Er selbst hatte gerade eine dringend benötigte Ruhepause hinter sich. Das Wissen, dass sich um ihn herum ein Kosmos in Agonie wand, ließ ihn allerdings kaum entspannen. Er würde vermutlich erst wieder ruhig schlafen können, wenn sie diese pazifische Zone erreicht hatten, die Fernvaters Augerbe ihnen versprochen hatte.
Es war nur zu hoffen, dass der Utrofare sein Versprechen auch halten konnte.
In der Zentrale – auch wenn es noch immer die Behelfszentrale war, hatte sich die Bezeichnung inzwischen eingebürgert – herrschte Ruhe. Jeder saß schweigend an seiner Station und verfolgte, was vorging.

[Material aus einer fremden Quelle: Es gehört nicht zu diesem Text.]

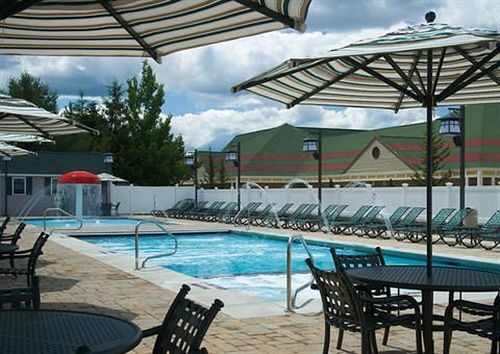 Hotel North Conway Grand  | North Conway | New Hampshire | United States 17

Der Einzige, der dabei ein sorgenvolles Gesicht machte, war Yaro.
Mossi trat hinter den Orter. »Wie sieht es aus?«
»Beschissen«, antwortete der »Lauscher« geradeheraus. »Es ist ein reines Wunder, dass sich das Universum nicht um uns zusammengefaltet und uns verschluckt hat, während wir repariert haben. Egal in welche Richtung ich orte: Ich bekomme spätestens aus einer Entfernung von ein oder zwei Lichtjahren nur Instabilitäten herein. Als würde da jemand willkürlich am vierdimensionalen Raum zerren. Und überall, wo Risse entstehen, sickern Energien aus dem Hyperraum durch.«
Wie Blut aus Wunden, dachte Mossi. Wunden, die der Raum selbst sich reißt, während er sich im Todeskampf windet.
»Wir werden sterben, nicht wahr?«, wisperte Yaro.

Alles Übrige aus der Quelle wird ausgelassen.